> [YOUR OBJECTIVE] Reproduce exactly the lines below, from the first one through the line containing "The back of", and omit any pictures.

(Stored items)
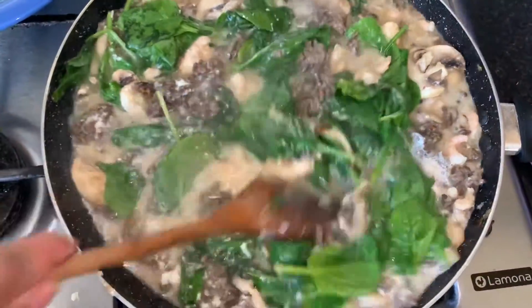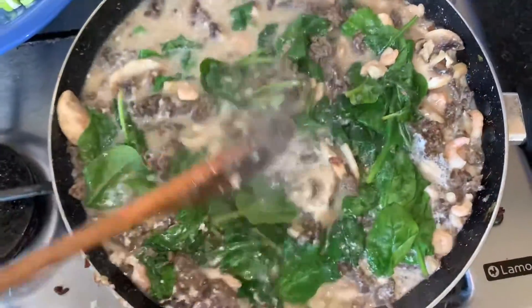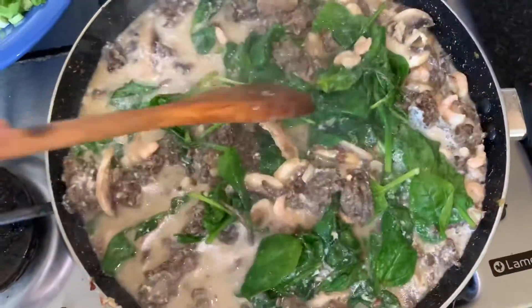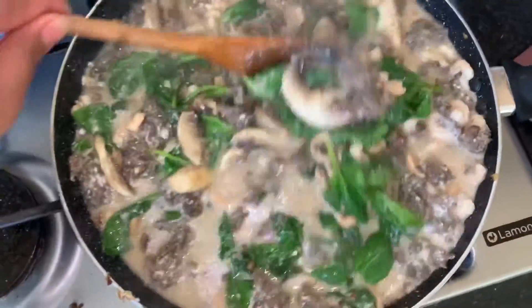I just put the spinach in and I'm just gonna wait another five minutes for the mushroom to cook. Yeah, that's it — it's as quick as it goes.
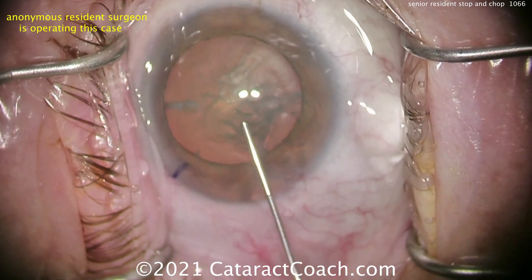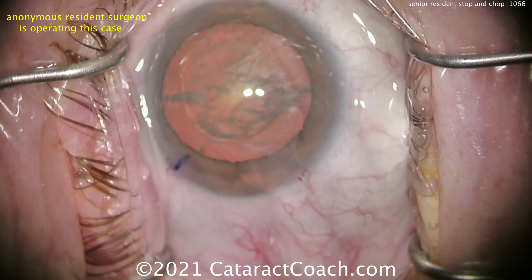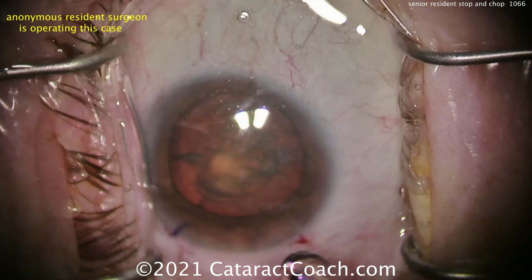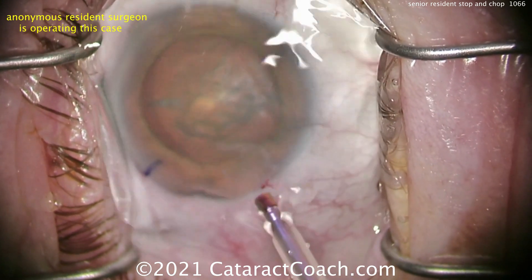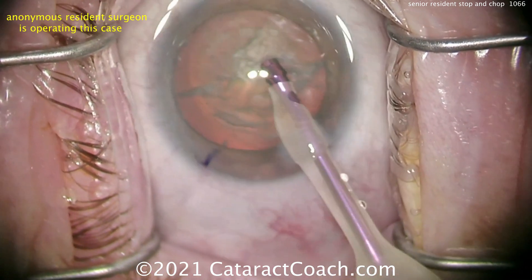A little more dispersive viscoelastic right in the center — you must have seen that on CataractCoach.com. Now let's see the phaco technique. Here comes the phaco probe. Looks like maybe a 2.4 sleeve, which looks great. Going in here. Let's see what's coming in the side port.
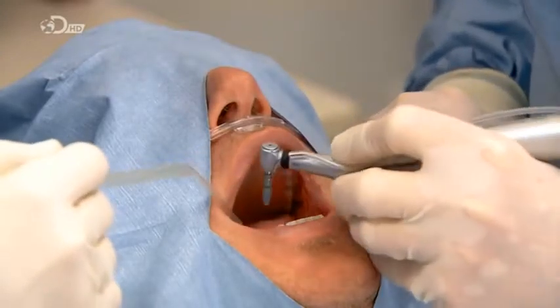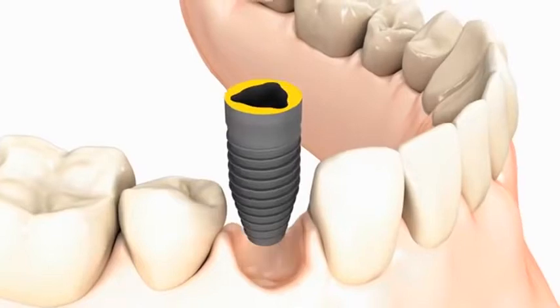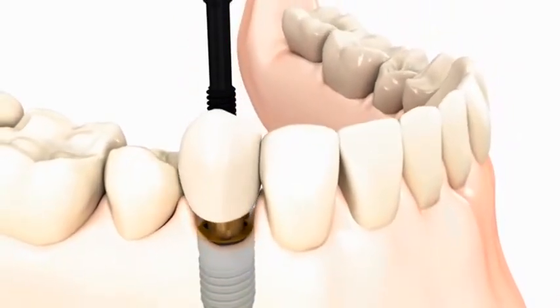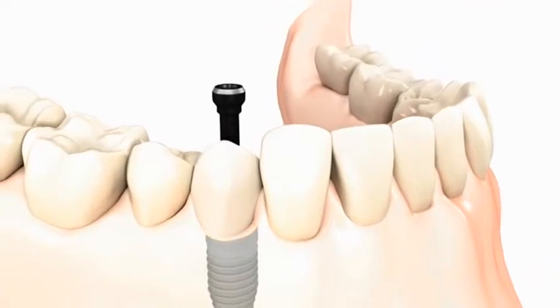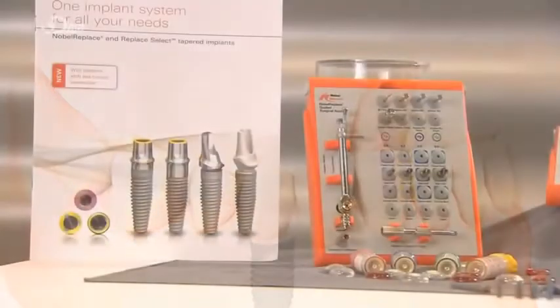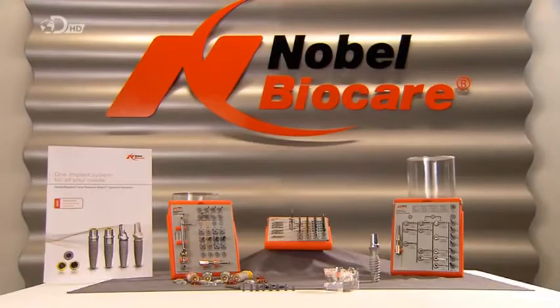The clinician screws the implant into the patient's jawbone and then secures a made-to-match ceramic tooth to it. Over time, bone will fuse with this artificial tooth, providing a long-lasting tooth replacement and giving the patient every reason to smile. Open wide. Thank you.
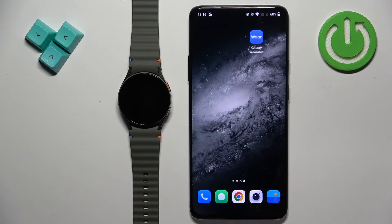Welcome. In front of me I have a Samsung Galaxy Watch 7, and I'm going to show you how to set an image as a watch face on this watch — basically how to use your own picture or an image as a watch face.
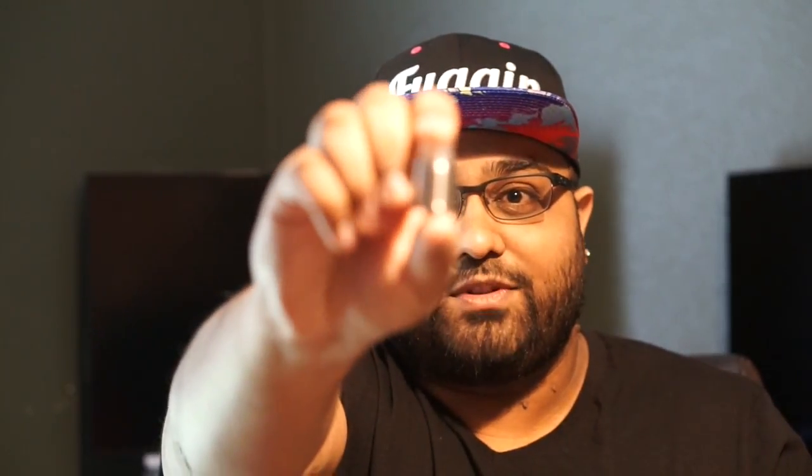It featured a unique drop-style build deck where you simply drop your coils in and clip them from underneath, making coil installation very easy. It also brings a lot of uniqueness and customization when it comes to coil placement, the type of coils, and how many coils. Well, they're back now with the DigiFlavor Drop Solo RDA.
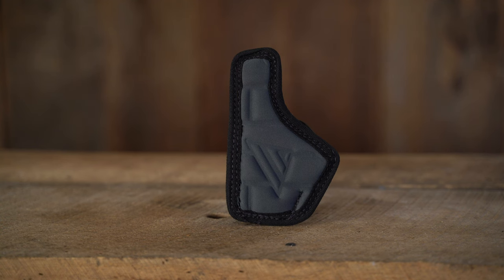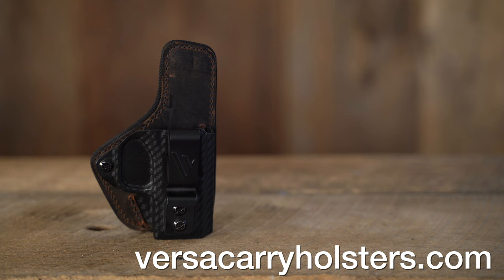The back of the holster is padded for all-day comfort. For more information on the Comfort Flex Custom from Versacarry Holsters, go to versacarryholsters.com.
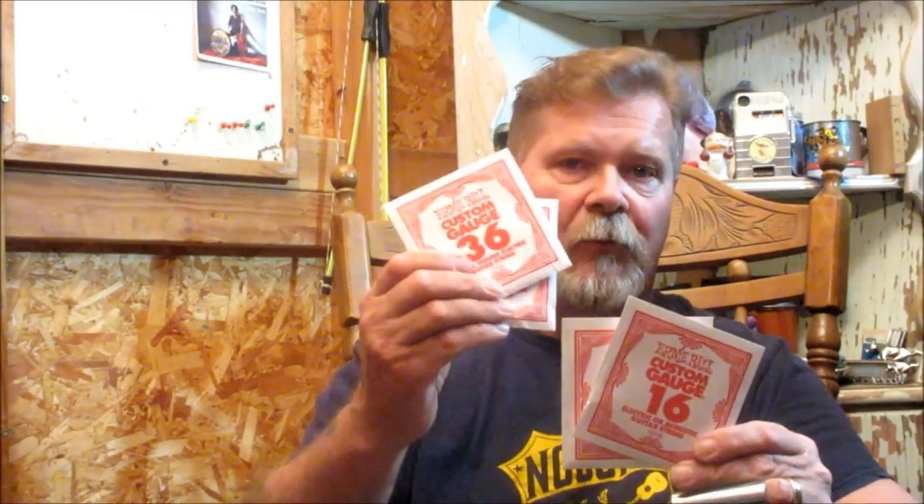Okay, drum roll — here comes the secret. The strings are 46, 36, 20 plain — meaning it's not a wound string — and 16. The first two strings are wound, and the last one, the 16, is also not a wound string. So one more time: 46, 36, 20 plain, and 16. Why plain strings instead of wound strings on the lower ones? Because most of the slide action is going to be picked up on the higher-tuned strings, and you won't get that jump that happens on a wound string on a plain, straight steel string.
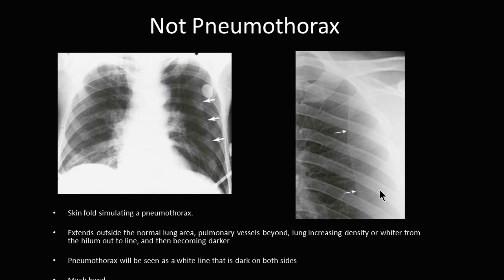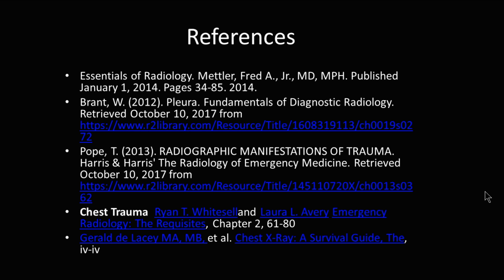This is some sort of skin fold. Sometimes the scapulae can appear to be a pneumothorax. What you're really looking for is a continuous line that runs all the way down the lung with no lung markings past that line, and sometimes a mediastinal shift.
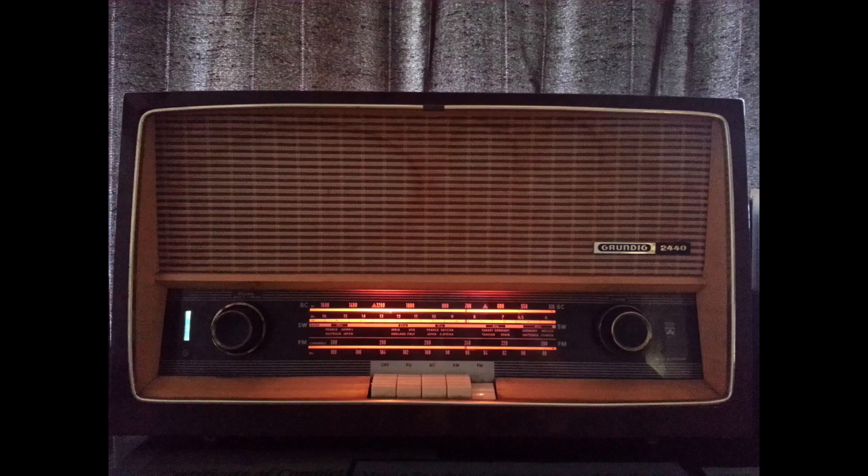The amplified radio signal is then sent to the detector. The detector converts the radio signal into an audio signal. The audio signal is then sent to the speaker, which converts the audio signal into sound waves.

> [REPLY TO THE TASK]
I just put the spinach in and I'm just gonna wait another five minutes for the mushroom to cook. Yeah, that's it — it's as quick as it goes.
A little more dispersive viscoelastic right in the center — you must have seen that on CataractCoach.com. Now let's see the phaco technique. Here comes the phaco probe. Looks like maybe a 2.4 sleeve, which looks great. Going in here. Let's see what's coming in the side port.
The clinician screws the implant into the patient's jawbone and then secures a made-to-match ceramic tooth to it. Over time, bone will fuse with this artificial tooth, providing a long-lasting tooth replacement and giving the patient every reason to smile. Open wide. Thank you.
Welcome. In front of me I have a Samsung Galaxy Watch 7, and I'm going to show you how to set an image as a watch face on this watch — basically how to use your own picture or an image as a watch face.
It featured a unique drop-style build deck where you simply drop your coils in and clip them from underneath, making coil installation very easy. It also brings a lot of uniqueness and customization when it comes to coil placement, the type of coils, and how many coils. Well, they're back now with the DigiFlavor Drop Solo RDA.
The back of the holster is padded for all-day comfort. For more information on the Comfort Flex Custom from Versacarry Holsters, go to versacarryholsters.com.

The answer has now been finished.